Beet greens & turnip greens are also popular.

Fenugreek leaves (methi pala).

Herbs: dill (shepu), mint (pudina), kadi patta (curry leaves), bay leaves (tej patta)

paan (betelnut leaves for supari, not for cooking).

banana leaves: used in religious ceremonies and as "plates"

BEST BET: there are literally hundreds of leafy green varieties. Just ask the guy who works there and he will defitely tell you what is what!

Preparation is similar to spinach depending on what type of greens (cooking times vary). Choy sum, bok choy, baby bok choy, and all those weird greens go into stir fry and soup and many Asian dishes. Try asking the market people about them. I've found that many are quite pleased to recommend uses, because after all the more YOU know the more THEY sell! From Chinese green beens to the bean sprouts on the top there are recipes all over the web. I make a lot of soup and stir fry by memory from an old Chinese fellow who showed me some things. Even so, I myself need to gather recipes.

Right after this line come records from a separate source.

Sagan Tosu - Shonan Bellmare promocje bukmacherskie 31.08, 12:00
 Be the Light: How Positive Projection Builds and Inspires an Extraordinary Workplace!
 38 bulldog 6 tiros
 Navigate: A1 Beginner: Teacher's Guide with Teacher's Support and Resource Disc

There are millions of them, so have fun just trying the stuff out. You are going to like what I have found for you.

http://www.foodsubs.com/greenckg.html... Indian:

* fresh Coriander - also known as Chinese Parsley or Cilantro (Spanish name) - used as a garnish for a finished dish, as part of a salty lassi, in raita, in green chutney, as part of a filling for Alu Parathas (potato, little oil, toasted cumin seeds and a little fresh coriander ......much recommended! especially with a Tamarind and Date Chutney ...and some Chai!)
* Kadi Patta leaves - also known as Curry Leaves - used as a flavoring in a curry, usually a vegetable curry, popular in the south of India
* Tej Patta leaves - bay
* Dill - used in bonda (soaked yellow splits mixed with a little oil, some green chillis, cumin seeds, and a little chopped dill, onion ....made into a small ball, like falafel, and deep fried ...served as a snack with tea.
* Methi Leaves - the leaves of Fenugreek (sorry - I don't know this one!)
* Mint - usually Spearmint - used for Mint Tea: made with tea leaves, milk, sugar and fresh mint leaves, also with green coriander for a green chutney, also called Mint Coriander Chutney ...
* Spinach - they use the small or baby spinach: used for making Spinach Pakoras - fresh leaves dipped in pakora or bhajia batter, deep fried - for Tiffin .. also used to stuff a paratha, say, in combination with paneer; also for Saag Paneer, a dish made with spainach and paneer ...
* Paan Leaves - used for Paan, a digestif, chewed (happily) after meals, come in regular and sweet variety (the paan, that is!)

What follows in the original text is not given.